2.6.1.4 Choice of Ontology

The focus of our work is to develop rules and patterns that can transform the requirements which are specified in natural language to a formalized form that can later be transformed into ontologies. Ontologies represent information in a way that is machine readable and transforming formalized requirements into ontologies will not only support the requirement engineering process, but it can also be used to check whether the final software product is meeting the requirements or not. To achieve this, a domain ontology can be built as it would be more suitable for this purpose, since these formalized requirements are for a specific domain, which in this case is software requirements. Furthermore, these formalized requirements will be in the form of classes, instances, and relations, which can be used to make domain ontology.

(24)

The reason for not choosing application ontology is that application ontology is more suitable for a specific software project or product. Moreover, application ontologies are built by importing required parts from reference ontologies. One more thing that eliminate application ontology to be used in this research is that they use top level ontology as their foundation (Hoehndorf, 2010).On the other hand top level ontology uses general terms which are common across different domains, so this fact also makes top level ontology unsuitable to be used as our choice of ontology.

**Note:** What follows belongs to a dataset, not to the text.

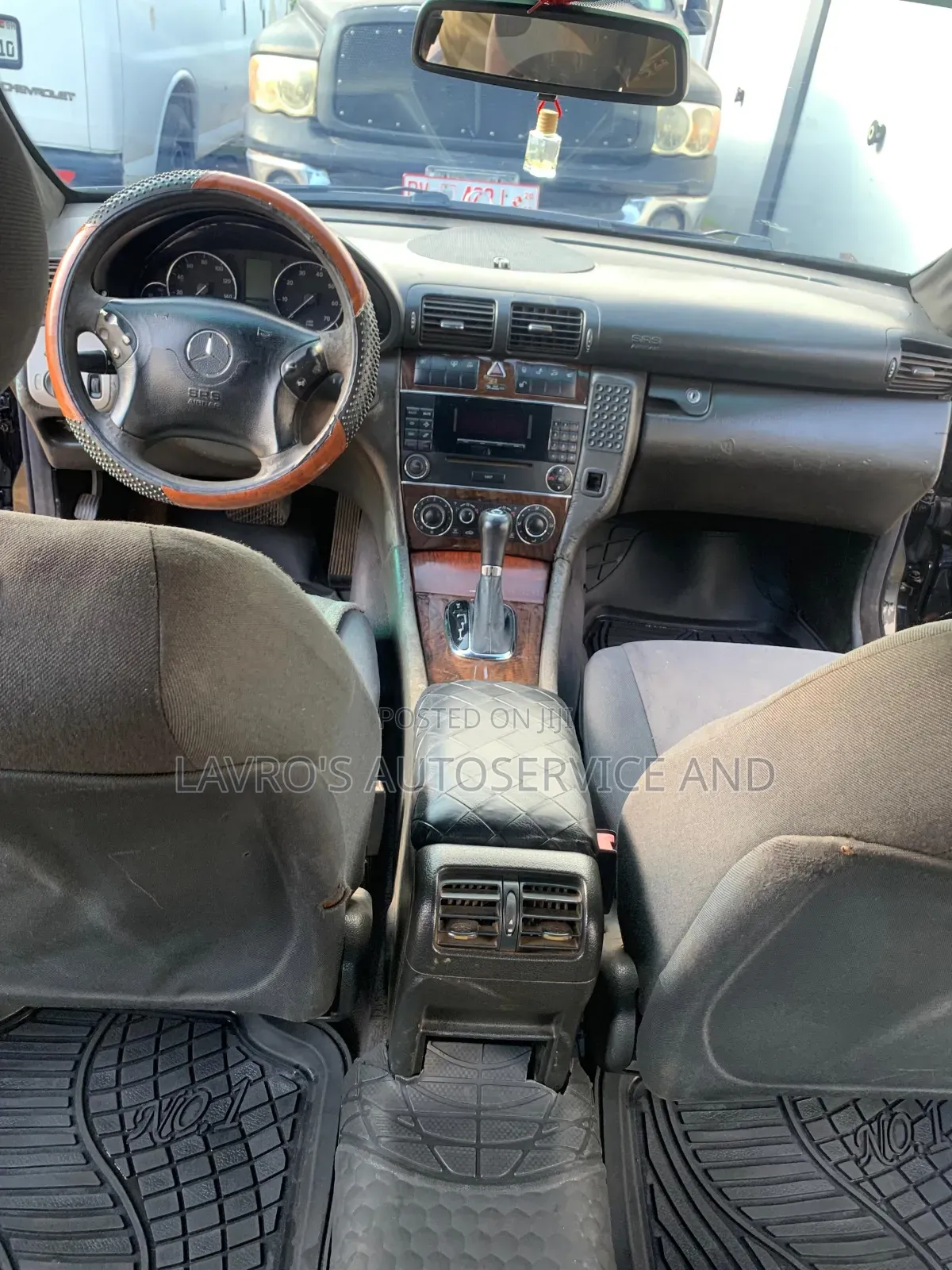 Mercedes-Benz C180 2005 Black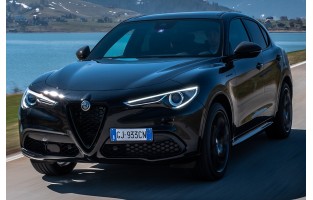 Alfa romeo stelvio shop rubber floor mats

2.6.2 Ontologies in Software Engineering

A classic software development life-cycle has different phases throughout the development process. These phases are analysis and design, implementation, deployment, and maintenance (Happel, 2006). These four main phases have further sub-phases. A software project is developed by performing the activities in these phases.

In the last three decades, the software development has changed rapidly due to the ever-changing needs of the industry. Because of this trend, new methodologies and techniques are being integrating into the software development life cycle to develop frameworks that can support the software development to meet industry’s demands. In recent years, significant research has been done to support different phases of software development lifecycle by integrating ontologies in the software engineering processes (Happel, 2006). Ontologies are being used in different kind of areas in informatics. For example the use of ontologies is increasing in the fields of Artificial Intelligence, agent systems, Information systems, Database or web technology (Wolfgang, 2005).In recent years use of ontologies in software engineering has increased exponentially (Wolfgang, 2005). Ontologies can offer several benefits to different phases of software engineering lifecycle phases. Some of these (adopted from (Happel, 2006)) are:

• Ontologies can support the requirement engineering process in terms of knowledge representation.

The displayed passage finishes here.